CSR was prepared using a physical mixing method with different mass ratios of wollastonite and muscovite under the vulcanization temperature of 120 °C. Initially, methyl vinyl silicone rubber was placed in an open mill (model XH-401, Dongguan Xihua Machinery Technology Co., Ltd., Dongguan, China) with a gap of 1.5–2.5 mm between rolls. Subsequently, the glass powder, muscovite and DCBP were added sequentially into the silicone rubber. The open mill was running continuously at a speed of 15–20 revolutions per minute for one hour to obtain the composite material. Afterwards, the composite material was placed into a flat vulcanization machine (model CREE-6014A, Dongguan Kerui Instrument Technology Co., Ltd., Dongguan, China) in a stainless steel mold (dimensions: 100 mm × 100 mm × 3 mm) under a pressure of 10 MPa, and then vulcanized at 120 °C for 30 min. Finally, the composite material was transferred to an electric constant-temperature oven (model HZ-2014B, Dongguan Lyxian Instrument Technology Co., Ltd., Dongguan, China) for 5 h at 150 °C for the second vulcanization. The CSR samples with different mass ratios of wollastonite and muscovite were designated as R-40:0, R-30:10, R-20:20, R-10:30, R-0:40, respectively. The detailed formulations of CSR in this study are illustrated in

Table 2. Experimental formulations of the CSR samples.

Formulation	Content/g
Methyl Vinyl Silicone Rubber	100
Glass Powder	30
Wollastonite	40/30/20/10/0
Muscovite	0/10/20/30/40
2,4-Dichloro-Benzoyl Peroxide (DCBP)	2

.

To prepare the ceramic samples, CSRs were made into rectangle samples with a size of 80 mm × 10 mm × 3 mm. Subsequently, the rectangle samples were put into a corundum crucible covered with Al₂O₃ powder, and then sintered at 950 °C in a muffle furnace with a ramp rate of 2 °C/min. The samples were maintained at 950 °C for 1 h, and then furnace-cooled to room temperature. The vulcanization and sintering process is depicted in Figure 1. Finally, the ceramic samples are designated as C-40:0, C-30:10, C-20:20, C-10:30, and C-0:40, respectively.

2.2. Mechanical Performance Test

Dumbbell-shaped CSR samples were prepared and the elongation at break and tensile strength were tested using a WDW-100 model tensile testing device (Changchun New Testing Machine Co., Ltd., Changchun, China) with the tensile speed of 5 cm/s [26]. More than five dumbbell-shaped samples were tested to evaluate the measuring deviation. The geometrical dimension of the sample was shown in Figure 2.

The tensile strength is the equilibrium internal force per unit area that the material can withstand when subjected to an external force. It can be calculated using Equation (1).

$$\sigma =\frac{F}{b\times d}$$

(1)

where F represents the maximum force exerted on the sample, and b and d denote the initial width (mm) and thickness (mm) of the sample, respectively. The elongation at break was calculated using Equation (2).

$$\epsilon =\frac{L-L_0}{L_0}\times 100\%$$

(2)

where L₀ represents the initial distance (L₀ = 20 mm), and L represents the distance (mm) between the marked lines on the sample and the point of break.

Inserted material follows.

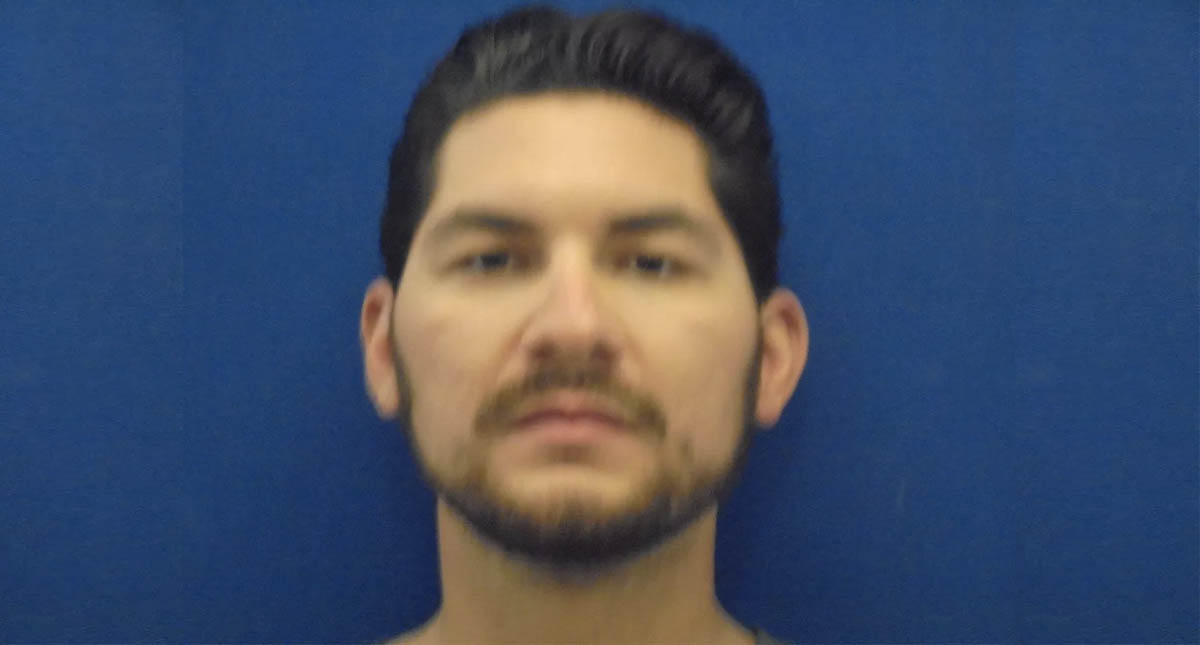 Dan 24 años de cárcel a sujeto por quemar mezquita en Texas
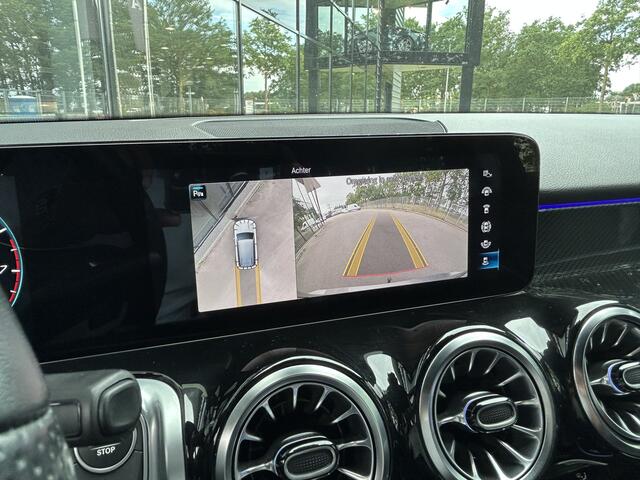 Mercedes-Benz GLB-Klasse 200 AMG // Trekhaak // 360 Camera // Nightpakket // Carplay // Augmented Reality // 19" AMG Velgen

The flexural strength of the ceramic samples was assessed through the three-point bend method, employing the bending strength testing machine (model WBE-9000B, Guangdong WBE Scientific Research Instrument Co., Ltd., Dongguan, China). The samples with dimensions of 8 mm in width and 3 mm in thickness were used for the three-point bending strength test, and the bending strength was calculated using Equation (3).

$$S=\frac{3PH}{2t{k}^2}$$

(3)

where H, k, t and P are the initial distances set by the machine (H = 20 mm), the thickness of the sample (k = 3 mm), the width of the sample (t = 8 mm), and the maximum load (N), respectively.

2.3. Electrical Performance Test

The dielectric properties of CSR and the sintered ceramic samples were measured in the frequency range from 10⁰ to 10⁶ Hz using the broadband dielectric spectrometer (Novocontrol, Concept 80, Montabaur, Germany). The volume resistivity of the CSR samples was tested with the megger (model 6517B, Keithley Company, Beaverton, OR, USA) at a voltage of 1000 V in accordance with GB/T 1692-2008. The volume resistivity of the ceramic samples was calculated using the four-point probe tester (FP-001, Zhuhai Kaivo Instruments and Equipment Co., Ltd., Zhuhai, China).

2.4. Calculation of Shrinkage Rate

The shrinkage rate of CSR after sintering was measured using Equation (4).

$$R=\frac{r_1-r_2}{r_1}\times 100\%$$

(4)

where R is the linear shrinkage (%), r₁ is the length of CSR (mm), and r₂ is the length of ceramic bodies (mm) after sintering.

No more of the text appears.